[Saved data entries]

☆ ☆ ☆

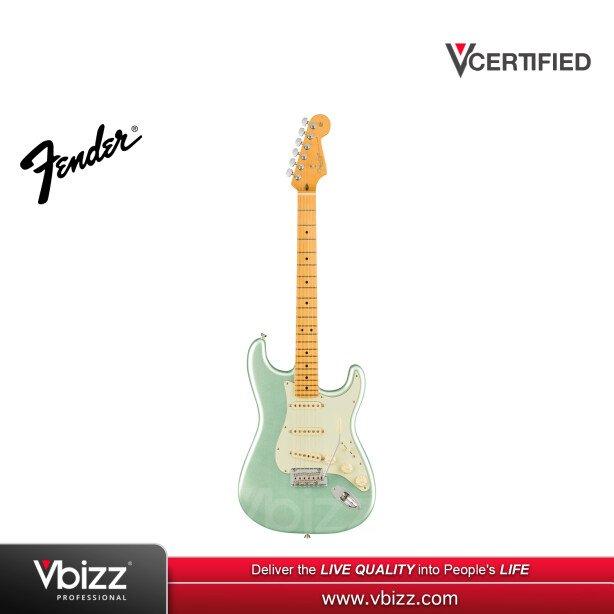 fender-limited-edition-stratocaster-maple-surf-green-electric-guitar-malaysia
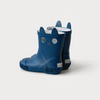 boxbo lookicat thermo rain boots blue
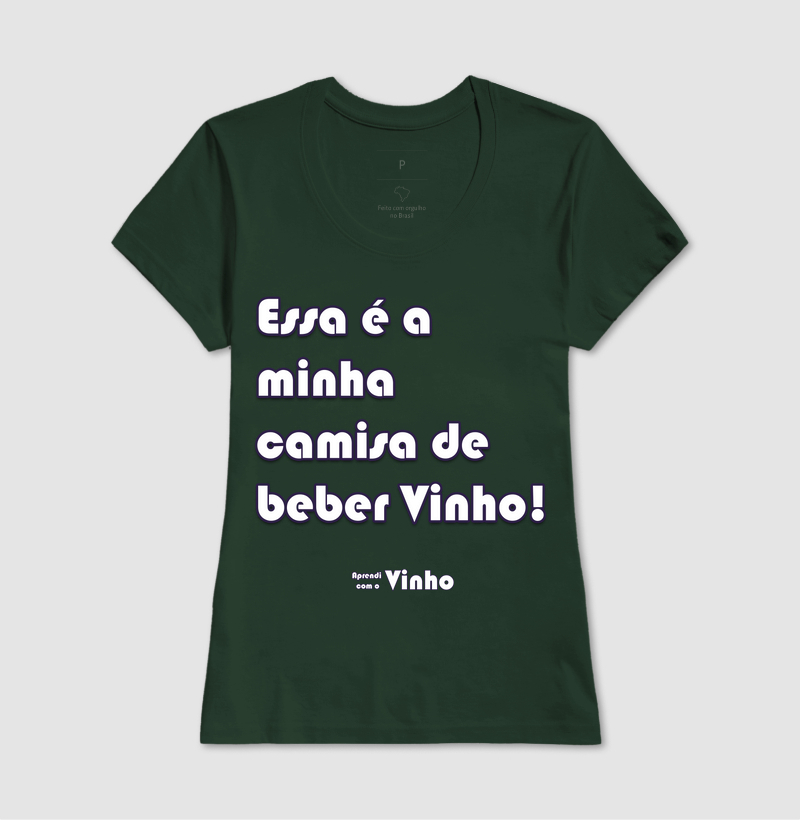 Camisa 11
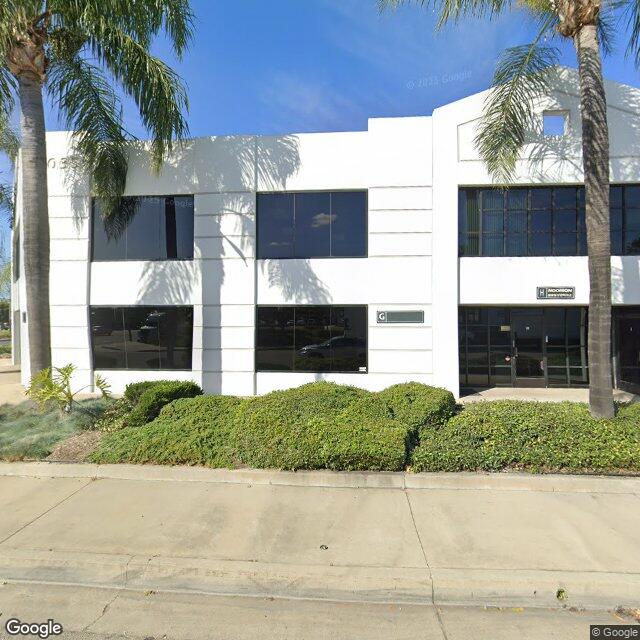 7035 Orangethorpe Ave & 6895-6910 Oslo Cir, buena-park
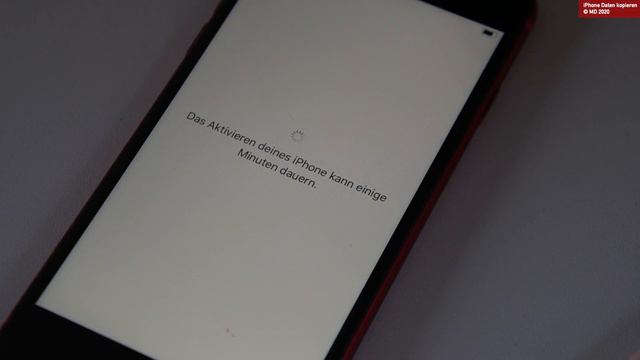 iPhone Daten übertragen von alt auf neu смотреть онлайн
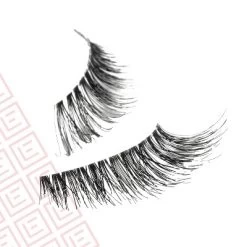 Eylure Accent 3/4 Length False Eyelashes - No 14 - 4ct -Halloween Costume Store GUEST 70e19ffa 507e 4cb2 bd68 cd8b65179b71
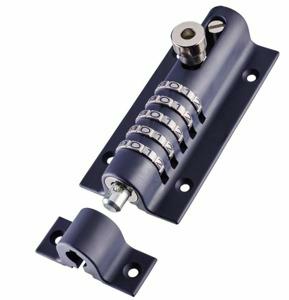 squire verriegelungsbolzen (combi-bolt 5)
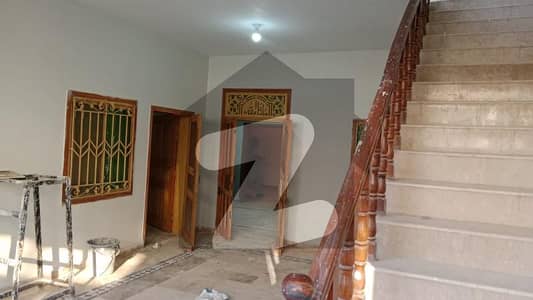 غوری ٹاؤن فیز 5بی غوری ٹاؤن,اسلام آباد میں 5 کمروں کا 7 مرلہ مکان 65.0 ہزار میں کرایہ پر دستیاب ہے۔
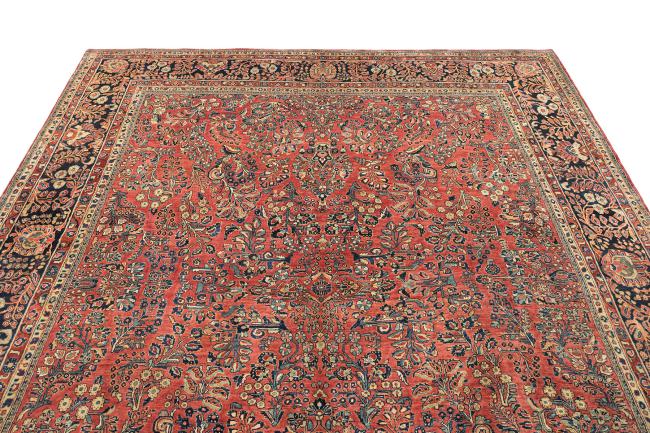 American Sarough Antiguo - 3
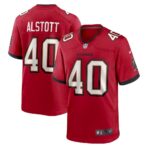 Tampa Bay Buccaneers - ALSTOTT - NFL Edition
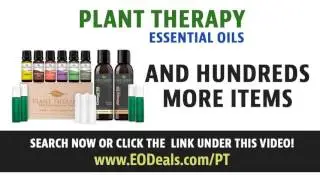 Plant Therapy Catnip Essential Oil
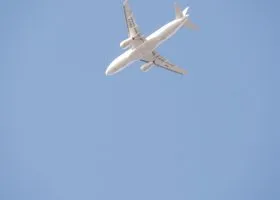 Названы имена россиян, находившихся на сбитом самолете в Судане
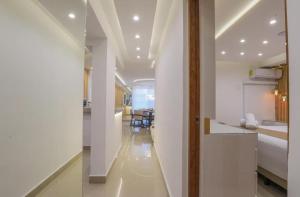 Departamento Frente a Puerto Cancun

☆ ☆ ☆

= HOW TO COMPLETE THIS TASK =
Repeat every record above exactly. Omit the pictures.

= ANSWER TO THIS TASK =
 fender-limited-edition-stratocaster-maple-surf-green-electric-guitar-malaysia
 boxbo lookicat thermo rain boots blue
 Camisa 11
 7035 Orangethorpe Ave & 6895-6910 Oslo Cir, buena-park
 iPhone Daten übertragen von alt auf neu смотреть онлайн
 Eylure Accent 3/4 Length False Eyelashes - No 14 - 4ct -Halloween Costume Store GUEST 70e19ffa 507e 4cb2 bd68 cd8b65179b71
 squire verriegelungsbolzen (combi-bolt 5)
 غوری ٹاؤن فیز 5بی غوری ٹاؤن,اسلام آباد میں 5 کمروں کا 7 مرلہ مکان 65.0 ہزار میں کرایہ پر دستیاب ہے۔
 American Sarough Antiguo - 3
 Tampa Bay Buccaneers - ALSTOTT - NFL Edition
 Plant Therapy Catnip Essential Oil
 Названы имена россиян, находившихся на сбитом самолете в Судане
 Departamento Frente a Puerto Cancun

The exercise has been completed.